Nothing but the lines from the one with "Se viene el" through the end of the records may appear in the answer, each reproduced exactly, pictures omitted.

*** Opening of EXCERPTED RECORDS ***

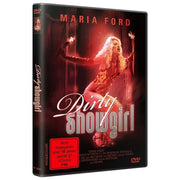 MT Films Dirty Showgirl Showgirl Murders DVD Thriller Uncut Edition Regione 2 PAL Dolby Digital 2.0 Mono 82 min 18+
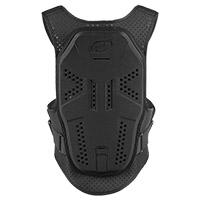 O Neal Bp Soft Chest Protector Black - 2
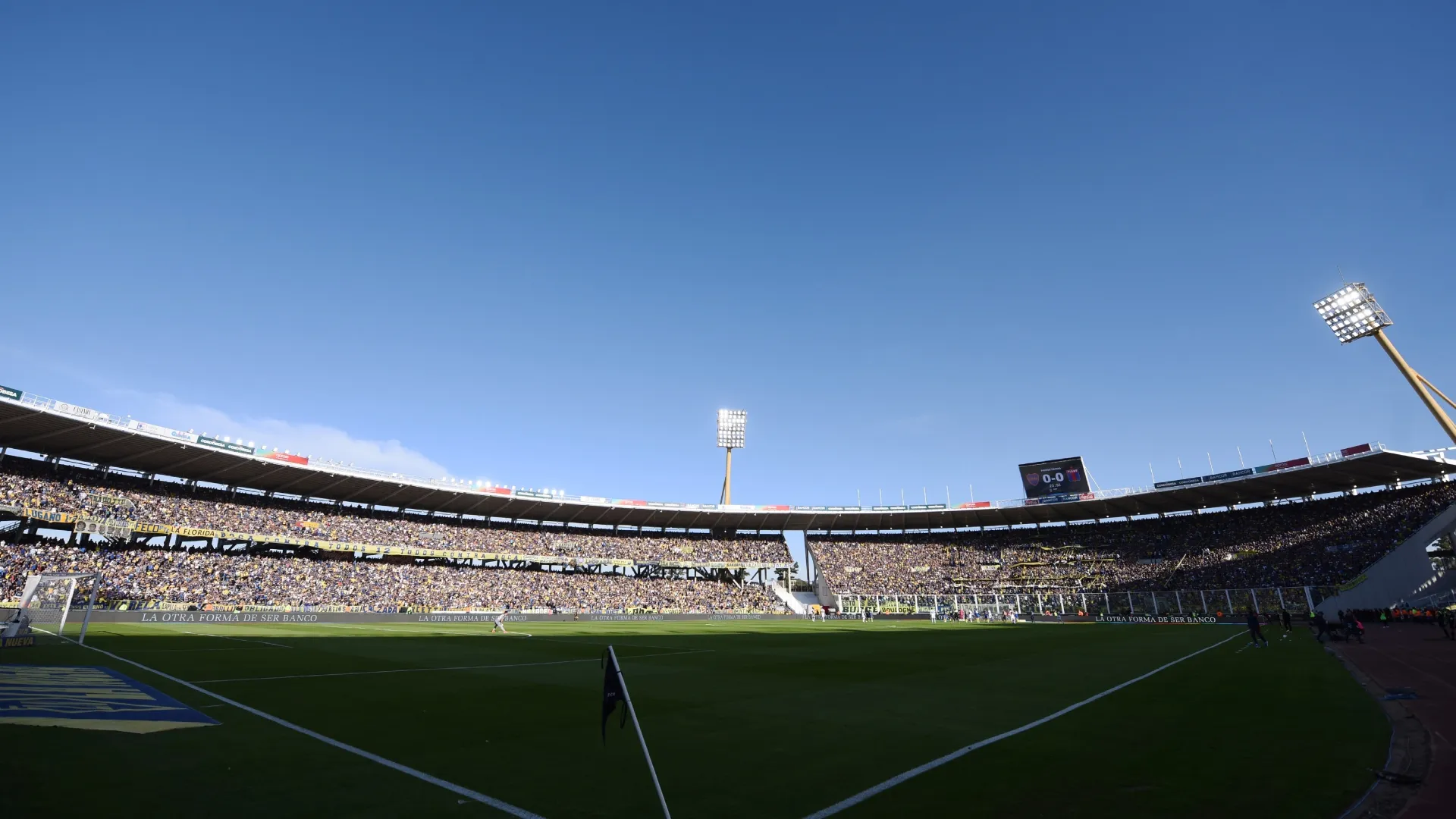 Se viene el Superclásico: así le fue a Boca en el estadio Mario Alberto Kempes
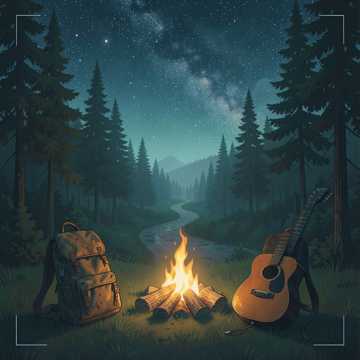 Cover of the song Cały Dzień Na Szlaku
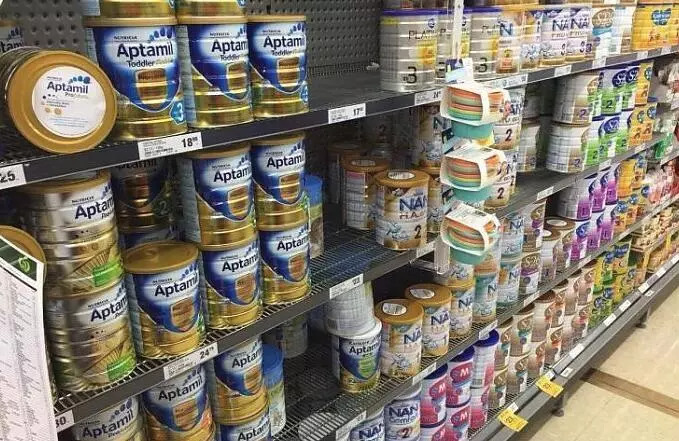 最新澳洲奶粉新消息,澳洲进口奶粉最新消息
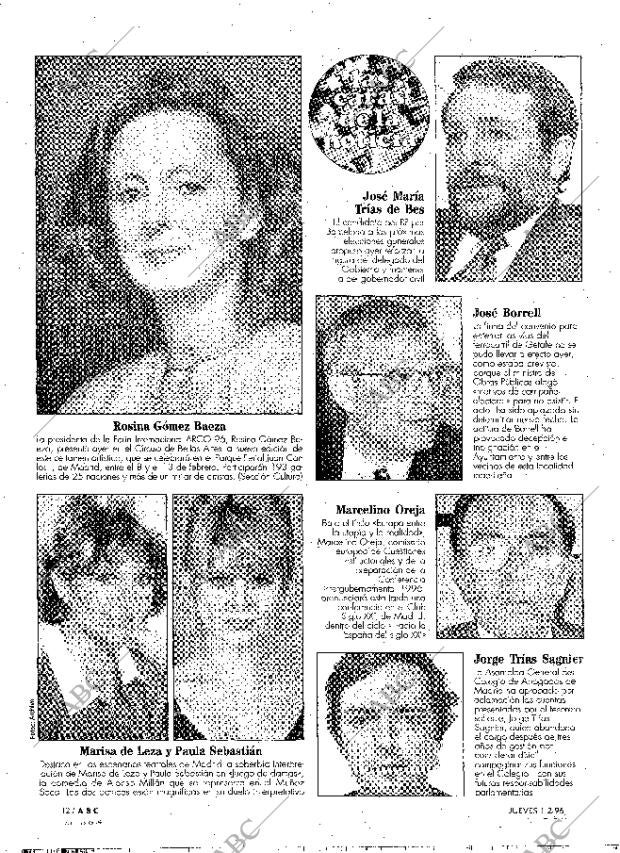 ABC MADRID 01-02-1996 página 12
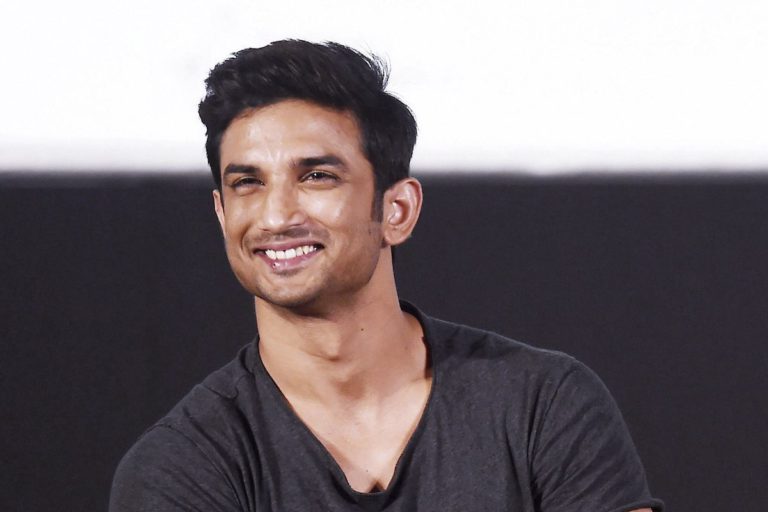 ސުޝާންތު ސިންގް ރާޖުޕޫތު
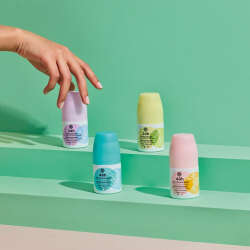 Yves Rocher Roll-on Deodorant - Pamuk Çiçeği ve Ebegümeci 50 ml - 4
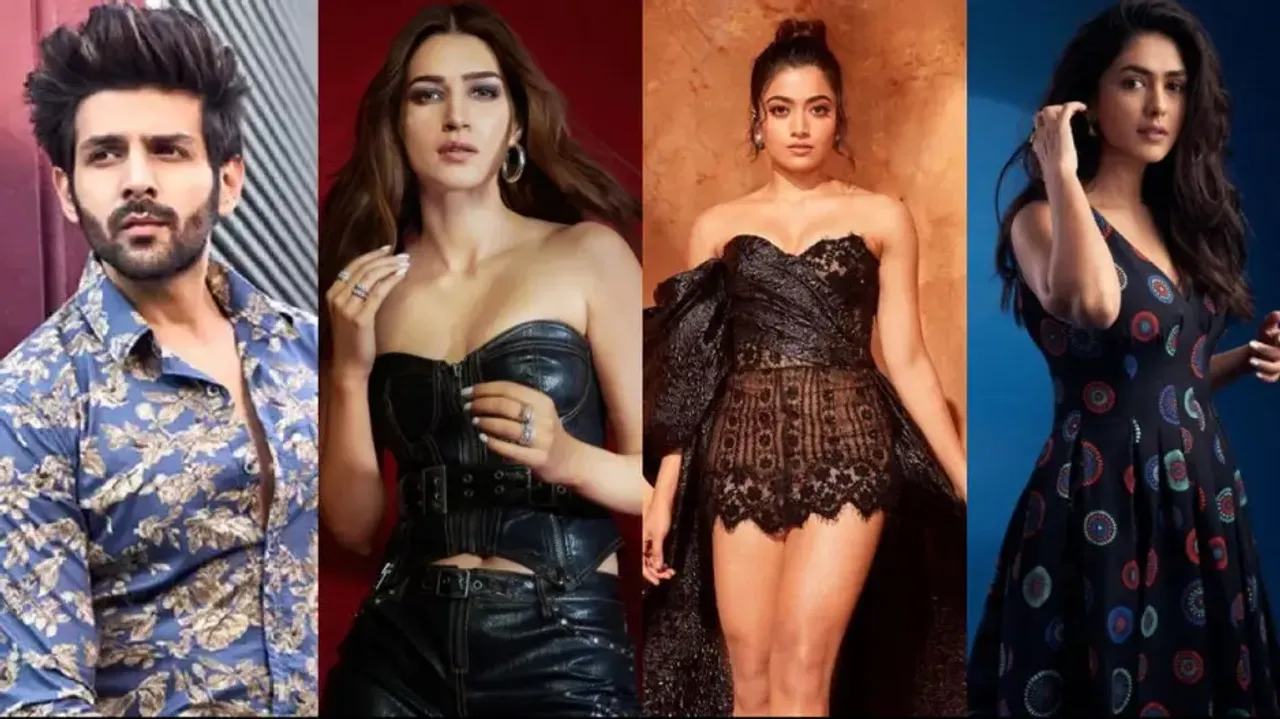 Kartik Aaryan makes marriage announcement, Fans wish Kriti, Mrunal, Rashmika to be his bride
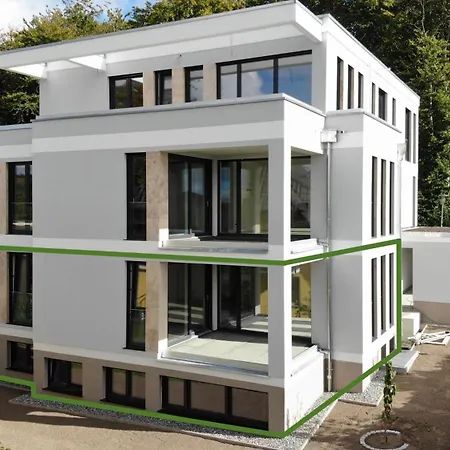 Villa Stella Maris Ferienwohnung Neptun アパート *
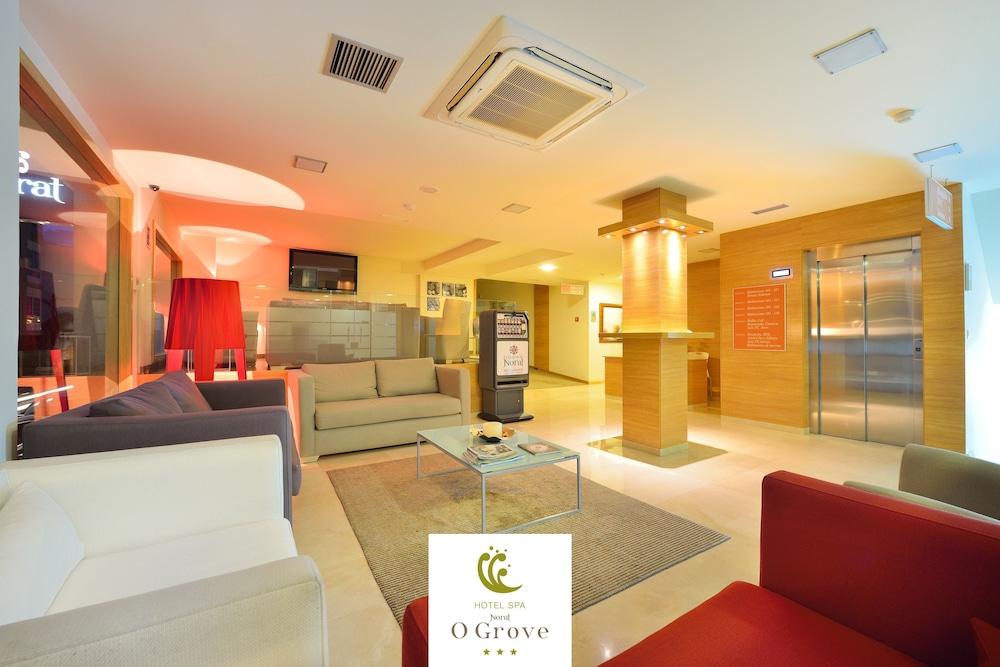 Hotel Spa Norat O Grove 3* Superior Εξωτερικό φωτογραφία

*** Close of EXCERPTED RECORDS ***

- [RESULT OF THIS TASK]:
 Se viene el Superclásico: así le fue a Boca en el estadio Mario Alberto Kempes
 Cover of the song Cały Dzień Na Szlaku
 最新澳洲奶粉新消息,澳洲进口奶粉最新消息
 ABC MADRID 01-02-1996 página 12
 ސުޝާންތު ސިންގް ރާޖުޕޫތު
 Yves Rocher Roll-on Deodorant - Pamuk Çiçeği ve Ebegümeci 50 ml - 4
 Kartik Aaryan makes marriage announcement, Fans wish Kriti, Mrunal, Rashmika to be his bride
 Villa Stella Maris Ferienwohnung Neptun アパート *
 Hotel Spa Norat O Grove 3* Superior Εξωτερικό φωτογραφία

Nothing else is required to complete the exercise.